Supersport, la rinascita di Evan Bros "Ma contro Ducati non c'è storia"

Superbike
mercoledì, 03 luglio 2024 alle 19:00
evan bros fabio evangelista
Torna a spendere il sole sul team Evan Bros. La squadra romagnola era stata per anni ai vertici nel Mondiale Supersport ma la scorsa stagione non aveva brillato. Tanti parlavano di nobile decaduta, d'altra parte non aveva mai centrato neppure la top 5 mentre nel 2022 aveva conquistato 4 vittorie e 16 podi su 24 gare con Lorenzo Baldassarri, vice-campione del mondo. Prima ancora aveva vinto due titoli mondiali rispettivamente con Randy Krummenacher ed Andrea Locatelli. Dopo un 2023 difficilissimo ha voltato pagina, ha puntato sul francese Valentin Debise ed ora è al quinto posto nel mondiale piloti ed al sesto in quello a squadre. Il team Evan Bros è tornato dunque tra i big della Supersport. Non è in lotta per il titolo ma è certamente tra le squadre di riferimento. In più è ai vertici nel mondiale femminile con Ana Carrasco.
"Siamo molto soddisfatti - dice Fabio Evangelista a Corsedimoto - si è visto fin da subito che potevamo fare bene quest'anno. In Australia avremmo potuto già vincere, ci siamo poi stabilizzati in top 5, primo podio stagionale ad Assen e bellissimo week-end a Misano con un quarto ed un terzo posto che considero eccezionali. Eravamo andati a andati a fare i test ma Debise non gareggiava comunque a Misano da 6 anni ed è una pista che non gli era troppo congeniale in passato. In gara-2 è stato davanti a Stefano Manzi che correva in casa e con un team importante quale Ten Kate: in pratica il pilota e la squadra da battere. Praticamente siamo arrivati primi tra le 600".

A Misano contro le Ducati non c'era storia?

"Sia Aruba che Barni hanno due ottimi piloti, massima stima nei loro confronti, ma oggi il regolamento avvantaggia le Ducati ed è una cosa piuttosto evidente. Noi facciamo del nostro meglio. Siamo molto contenti di Valentin Debise e lui è soddisfatto del team: stiamo lavorando molto bene assieme. È un ragazzo di 32 anni che non era mai stato valorizzato a sufficienza. Se inizialmente il nostro obbiettivo era stare sempre nei primi cinque ora, dopo Misano, pensiamo di poter far ancora meglio e giocarcela regolarmente per il podio: riteniamo di poter fare bene anche a Donington, Most e nelle gare successive. Debise ci ha ridato gli stimoli necessari per lavorare anche 15 ore al giorno alla moto".

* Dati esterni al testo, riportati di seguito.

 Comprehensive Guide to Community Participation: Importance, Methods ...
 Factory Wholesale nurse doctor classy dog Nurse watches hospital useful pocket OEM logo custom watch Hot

Nel 2023 cosa non aveva funzionato?

"Può sembrare brutto da dire ma avevamo bisogno di una stagione più soft un po' dopo cinque anni in cui eravamo stati sempre primi o secondi in campionato. Chiaramente pensavamo ad un anno in tono minore rispetto ai precedenti ma non così tanto, le nostre aspettative erano altre. Dopo che Andrea Mantovani ha lasciato a luglio, abbiamo puntato su Lorenzo Dalla Porta, un pilota di cui posso parlare solo bene. Arrivava però da anni difficili nel Motomondiale, gli erano mancati tutti i test invernali con la Supersport ed ha faticato. La top 6 di Portimao faceva ben sperare ma poi non è riuscito a confermarsi tra i primi. Alla fine un po' per la mancanza dei risultati e un po' per questioni di budget (non lo nego) non siamo riusciti ad andare avanti assieme. Abbiamo deciso dunque di puntare su Debise ed è stata la scelta giusta".